I pant after pretty girls, but it takes more than a face to make me fall. Silver Lining is everything, and I am prepared to suffer the consequences of letting her know how I feel.
The other day, I prayed for a sign to let me know that what I was doing was right. That I was not fooling myself into thinking that now was the right time and all.
For some reason, I settled on some obscure movie on HBO. Right at the moment that I thought of her, the character in the movie goes, "You can't become close to people by keeping secrets from them." Strike One. It hit the nail right on the head.
But I wasn't easily convinced. I asked for another sign.
Last night, I was leafing through a Mad Magazine for some night time reading before dozing off. I turned to one page and lo and behold, there was a drawing off a building and the store on the 1st floor of the building had her name. Just like that!
This was shocking, especially since I don't believe in signs.
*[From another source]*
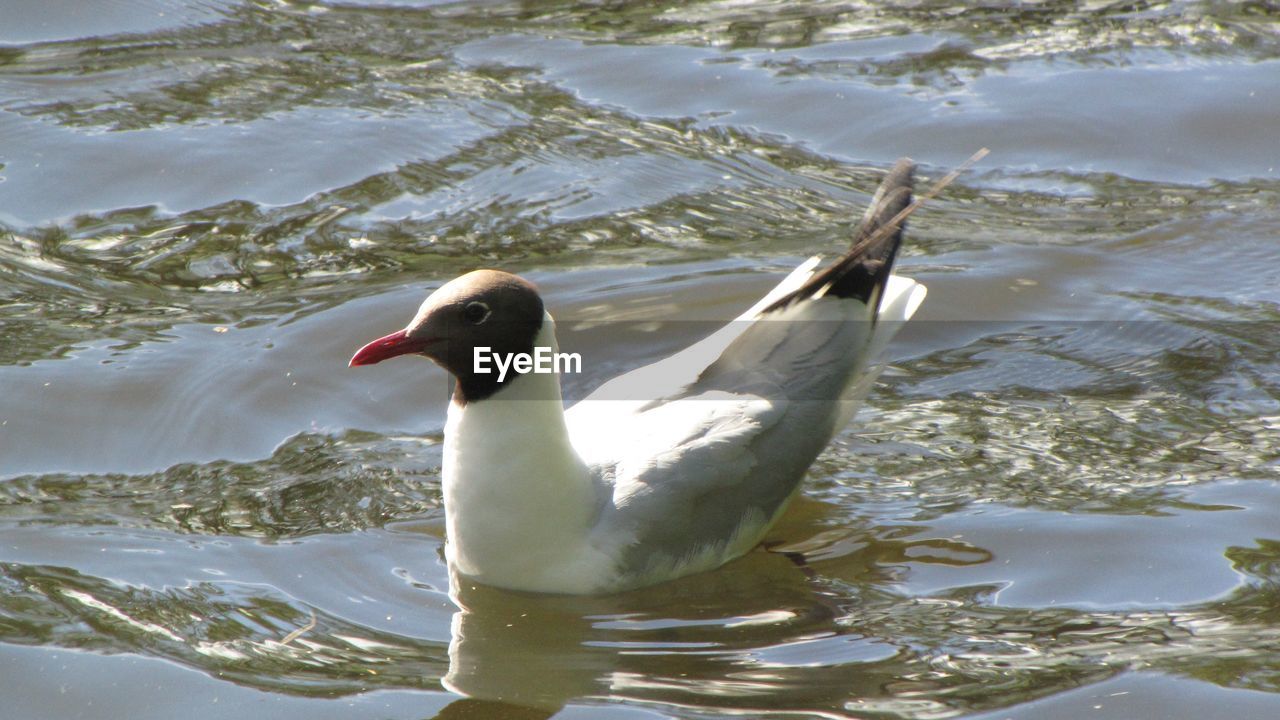 Close-up of seagull swimming on river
I'm skeptical of them but I got to thinking if this was too much coincidence to be believed. Maybe the Big Guy was telling me to get my torpe ass moving, right?
In any case, I was ready to let it all out this afternoon. I was thinking that I got time on my side since our teacher let us out early.
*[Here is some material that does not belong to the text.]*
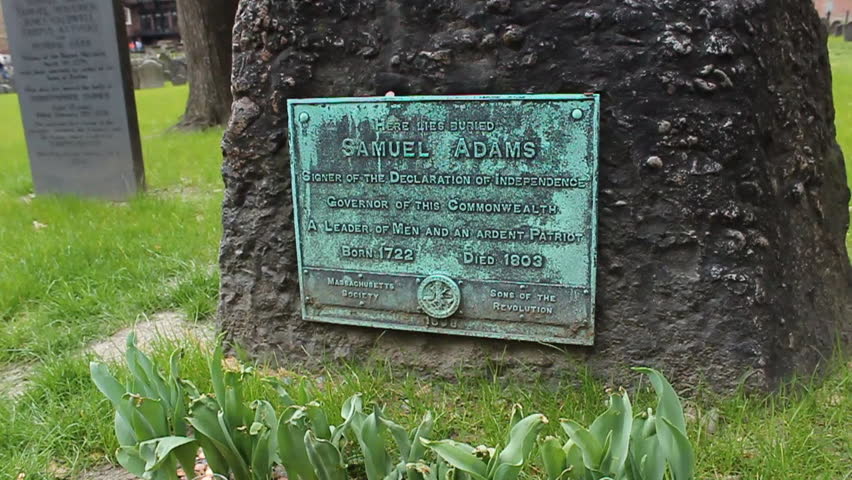 Header of Adams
Unfortunately, one circumstance after another led to her going home before I could even get her alone. Like I told Karl Antz, maybe that was a sign that it wasn't the right time.
Being a big fan of "The Alchemist", I got to thinking of the quote "When you want something bad enough, the universe conspires to let you have it". Well the universe wasn't conspiring with me but in another perspective... I was following the omens.
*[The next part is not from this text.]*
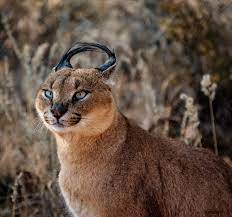 Noisy band from the singapura #caracalnoise. Caracal Katze Scannt Seine Umgebung Foto Vorratig Crushpixel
Maybe now is really not the time. Though I believe that destiny is really what you make it to be, and that things are had by our own efforts. So much for signs, it's really in the person.
Screw the omens and the signs. If I'm going to go through with "Project June 18", then I've got no one else to depend on but myself.
A Contract with Myself
I've always been a confident person. This may be a weak or strong point of mine, depending on which angle you look at it.
Sometimes, it borders on over-confidence to the point of cockiness.
Whenever I got into a mess, I was always confident that I could get out of it no matter what the circumstances.
For instance, there was never a doubt in my mind that I'd get into Comm. I was also never afraid of failing a paper or not finding a college- things like that.
Back in High School, there was a time when I was almost retained. I was worried, but I was sure things would pull through. Ditto for the little graduation fracas I had.
I actually don't know if it's confidence, or unadulterated and unchecked optimism.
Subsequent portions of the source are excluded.